European officials have not directly accused Russia of destroying the cables. But Germany, Poland and others said it was likely an act of sabotage, while Lithuania's armed forces boosted surveillance of its waters in response.
"Moscow's escalating hybrid activities against NATO and EU countries are also unprecedented in their variety and scale, creating significant security risks," the foreign ministers of France, Germany, Italy, Poland and Britain said in a joint statement.
The strongly worded declaration came as European countries probed the complete severing this week of the Baltic cables, one linking Finland and Germany, the other connecting Sweden to Lithuania, recalling previous incidents in the busy waterway.
"If Russia does not stop committing acts of sabotage in Europe, Warsaw will close the rest of its consulates in Poland," Polish Foreign Minister Radoslaw Sikorski said on Tuesday after several European foreign ministers met in the Polish capital.
German Defence Minister Boris Pistorius struck a similar chord at separate talks in Brussels: "No one believes that these cables were cut accidentally."
"We also have to assume, without knowing it yet, that it is sabotage," Pistorius added.

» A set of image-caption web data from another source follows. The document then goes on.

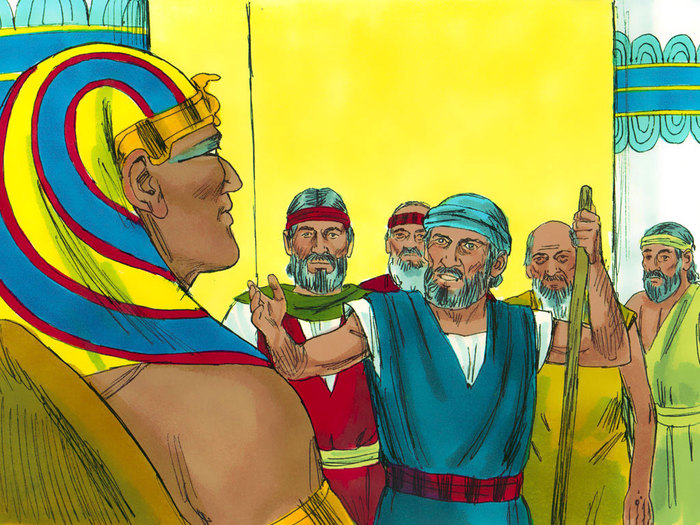 pharaoh and moses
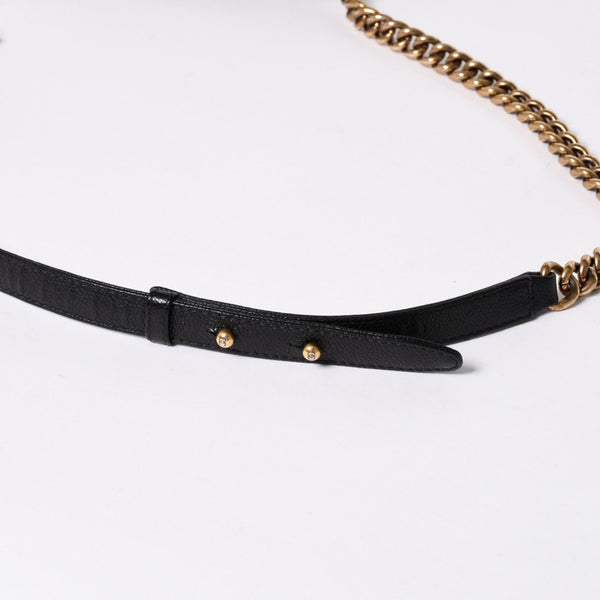 CHANEL シャネル ボーイシャネル ショルダーバッグ チェーンショルダーバッグ 19番台 キャビアスキン ココマーク ブラック ゴールド金具 美品 中古 4a006436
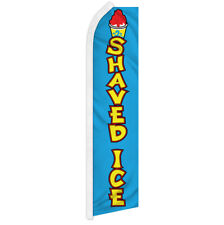 Shaved Ice Swooper Flag Advertising Feather Flag Concessions Snow Cone Hawaiian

The Swedish Prosecution Authority said it had launched a preliminary criminal investigation into the breached cables, which pass through Sweden's exclusive economic zone in the Baltic Sea, on suspicion of possible sabotage.

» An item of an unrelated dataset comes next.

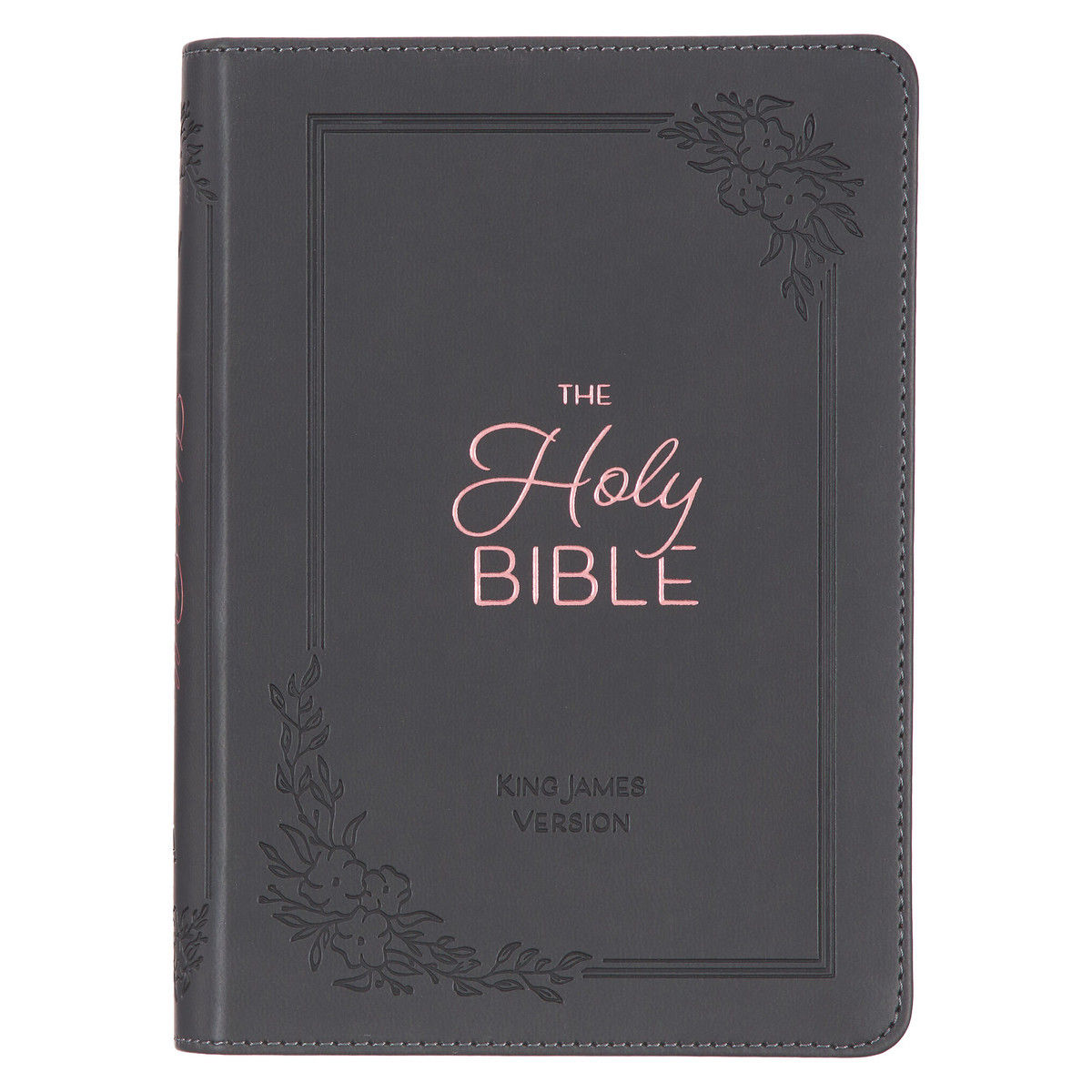 Image of KJV Compact Bible LP Cobalt Gray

Swedish Civil Defence Minister Carl-Oskar Bohlin later told broadcaster TV4 that the country's armed forces and coastguard had picked up ship movements that corresponded with the interruption of two telecoms cables in the Baltic Sea.
Finland's National Bureau of Investigation said it had also launched an investigation into the broken subsea cable.
In the most prominent Baltic sabotage case, the Nord Stream gas pipeline was destroyed in September 2022, seven months after Russia launched its full-scale invasion of Ukraine, hastening Europe's switch to other energy suppliers.
No one has taken responsibility for those blasts. While some Western officials initially blamed Moscow - an interpretation dismissed as "idiotic" by the Kremlin - U.S. and German media have reported that pro-Ukrainian actors may have played a role.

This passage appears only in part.